Tutorial
How to detect duplicate videos using an API
Duplicate-video detection isn't a hash lookup — re-encoding, cropping, and partial reuse defeat exact-match approaches. This walkthrough shows how to call POST /video/match with two URLs and turn the response into an actionable match decision.
Why exact-match hashing fails on video
If you're comparing two video files byte-for-byte (or with an MD5 / SHA hash), any re-encode breaks the match. Drop the bitrate, change the container, transcode to a different codec — the hash flips, even though the human-perceptible content is unchanged.
Real-world duplicate detection has to handle: re-encoded copies (e.g., H.264 → H.265 or different CRF), aspect-ratio changes (16:9 → 9:16 with letterboxing), trimmed clips (a 15-second segment of a 60-second source), watermark adds and removes, and audio swaps. Hash-based approaches can't represent any of those.
Perceptual matching uses content-derived fingerprints — frame-level features for video, robust to encoding, plus alignment so partial overlap is detectable.
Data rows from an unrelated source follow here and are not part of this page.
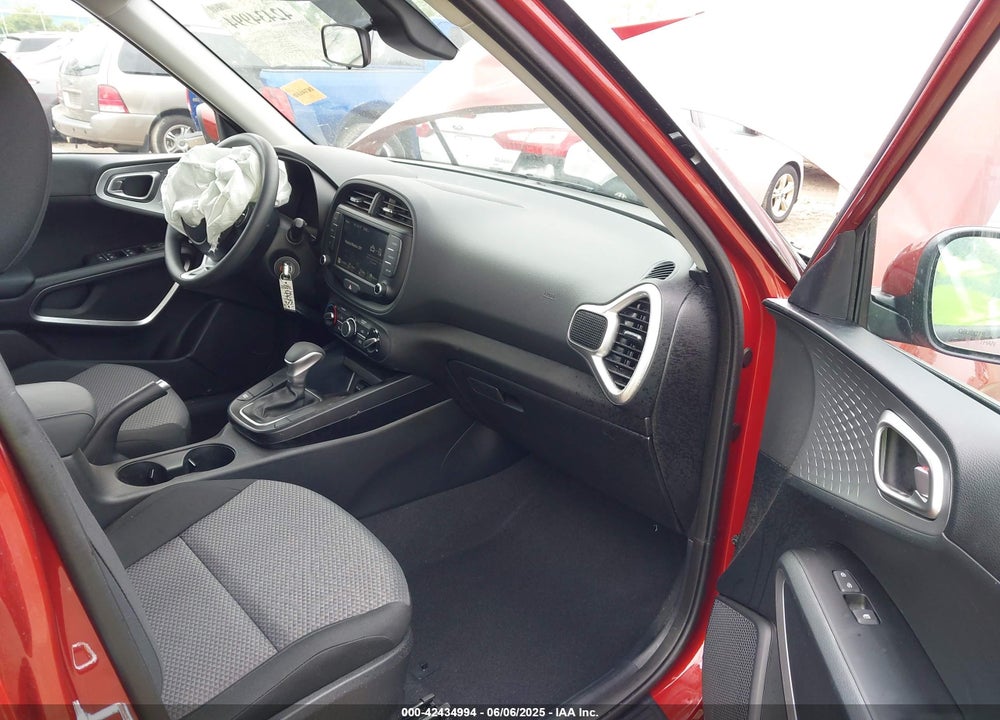 2025 KIA SOUL VIN: KNDJ23AU7S7267292
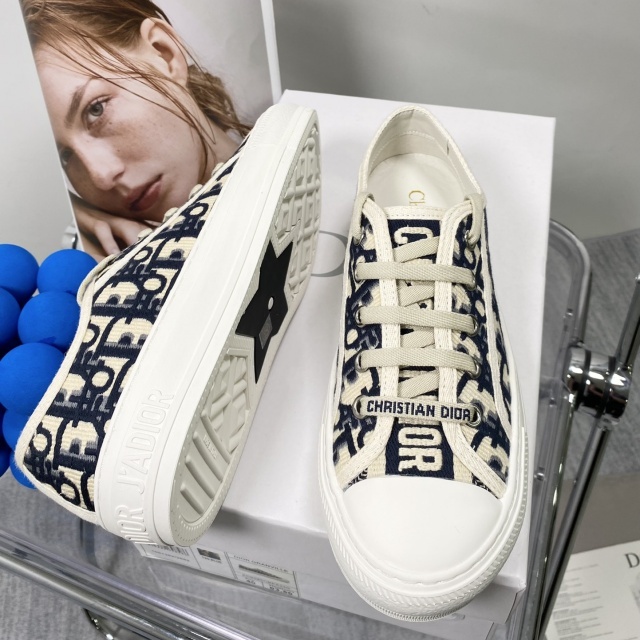 Streetwear Fashion Women Luxury Sneakers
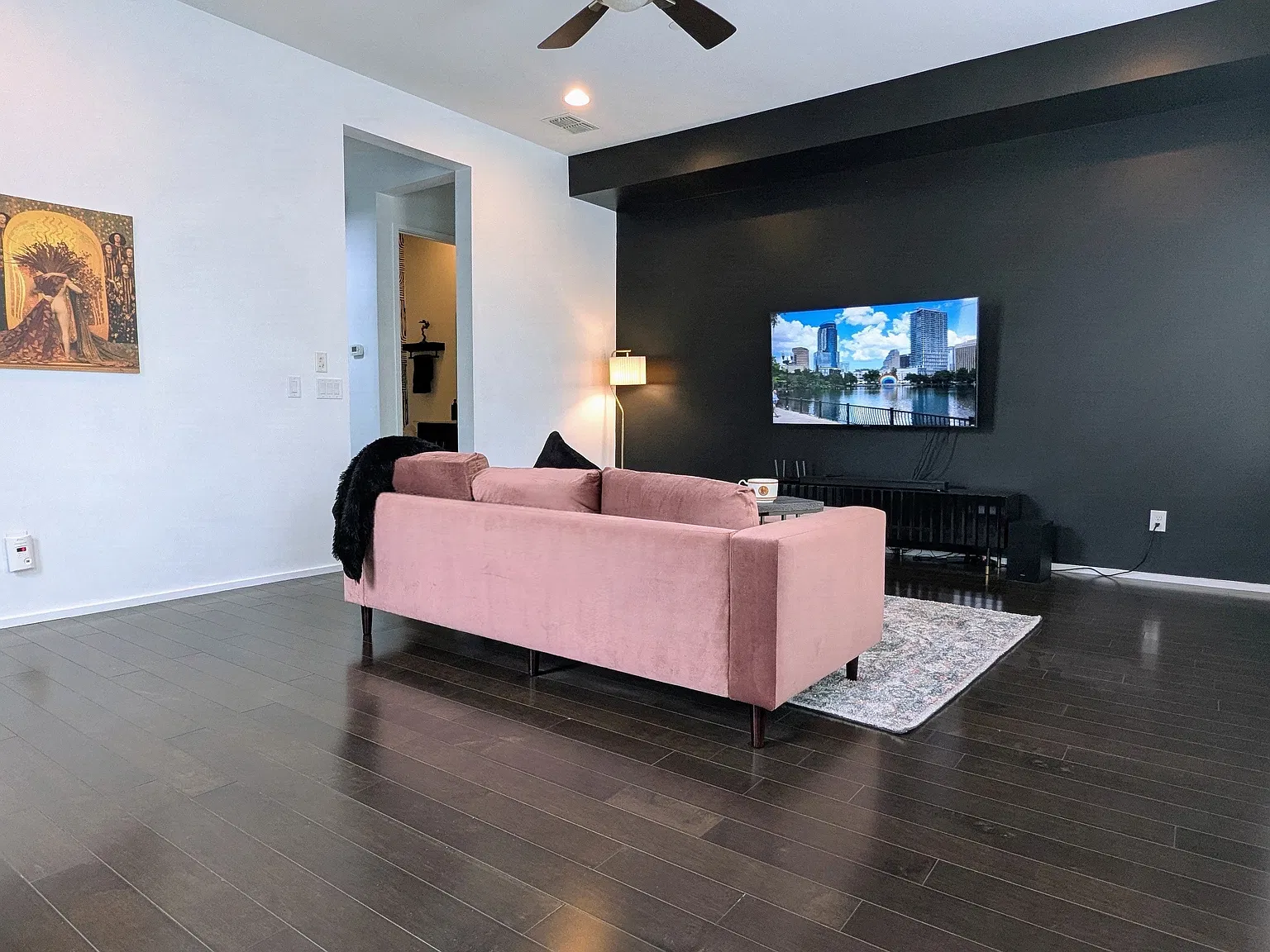 4 bed, 3.5 bath, 2300 sqft, $4,300 — Photo 4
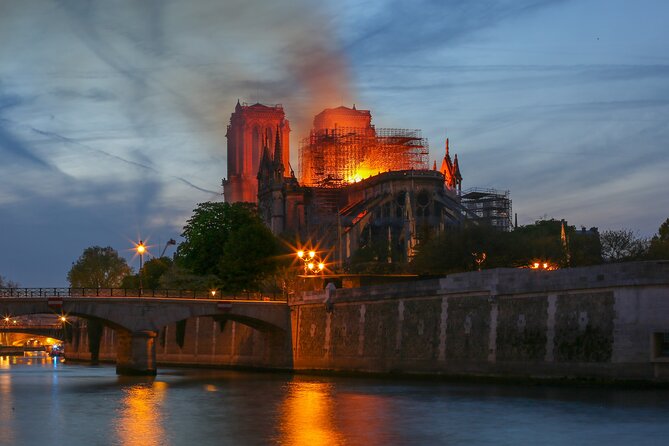 Notre Dame Cathedral: Exterior Guided Tour & Unscheduled Access - Meeting at 11 Rue Lagrange: timing and crowd reality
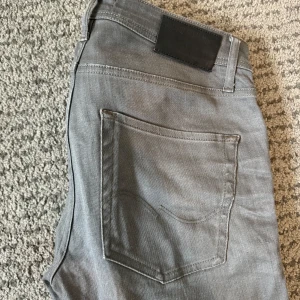 Nya Jack and Jones jeans - Hel oandvända Jack and Jones jeans Storlek, 32W32L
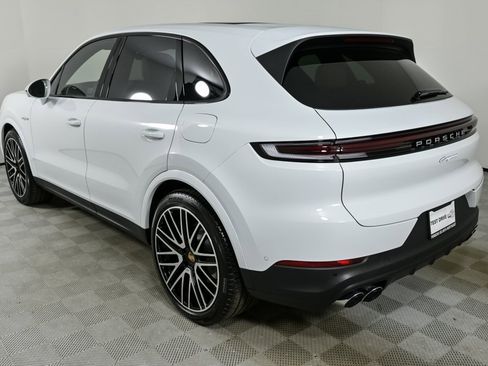 New 2026 Porsche Cayenne E-Hybrid image 3
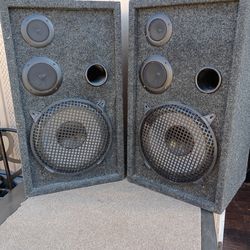 2 stereo speakers 10"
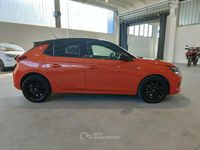 Usata Opel Corsa GS Line 101 CV (74 kW) 2022 Arancione Berlina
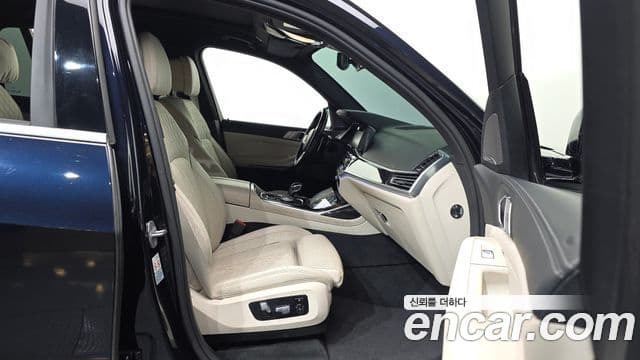 BMW X7 2021 — Photo 1/20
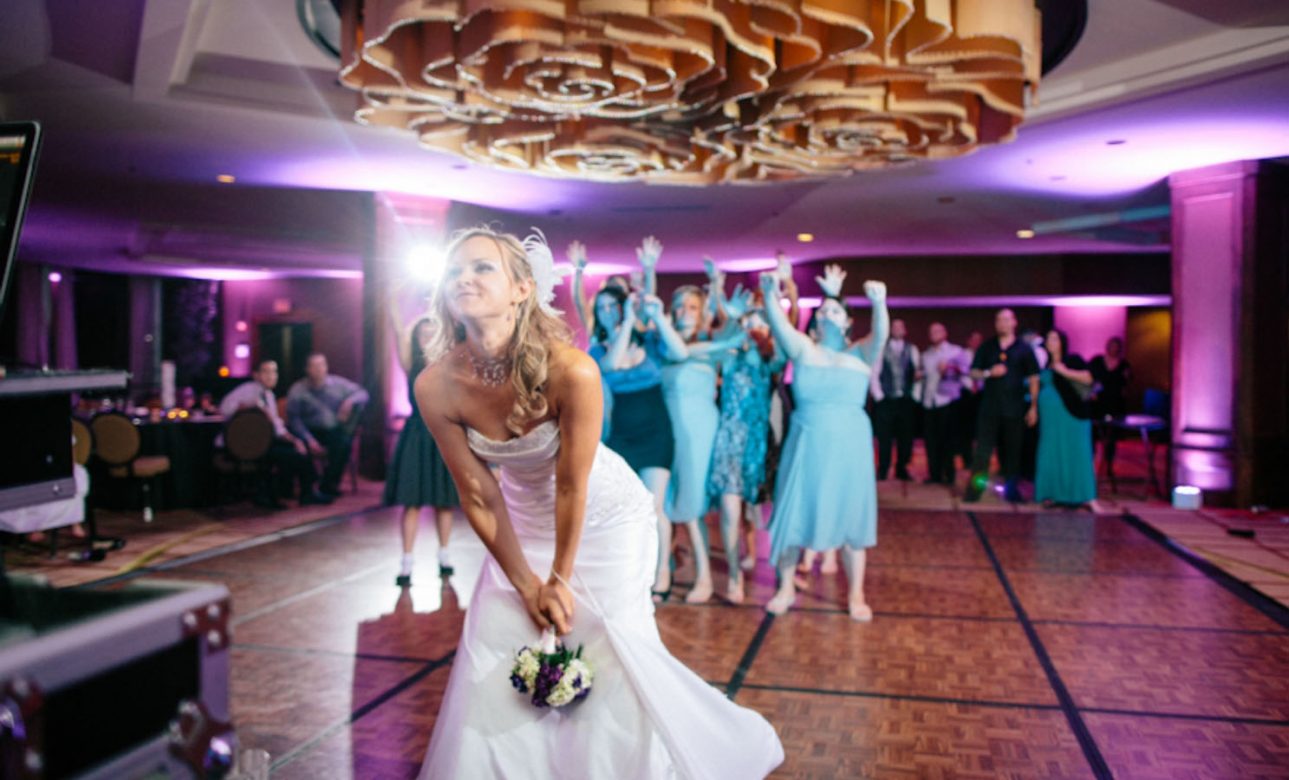 mariée qui lance le bouquet dans salle mariage var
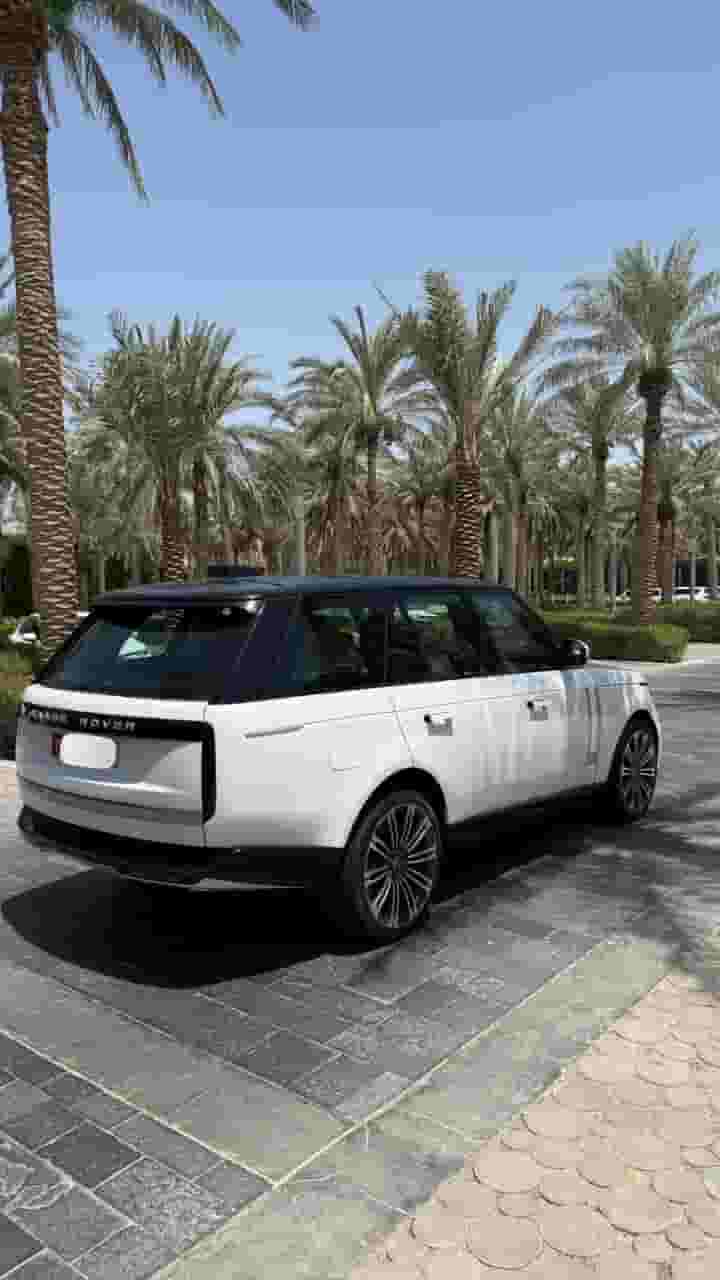 سيارة رينج روفر محوّلة 2025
What POST /video/match returns
The MediaLayer video endpoint takes two URLs, fetches both server-side, and returns a single JSON envelope. The shape is the same one used by /image/match and /audio/match, so call sites stay uniform across media types.
- match — Boolean decision based on a sensible default threshold for video.
- similarity_score — Float in [0, 1]. Use this directly when you need a custom threshold (e.g., a stricter cutoff for auto-block lanes).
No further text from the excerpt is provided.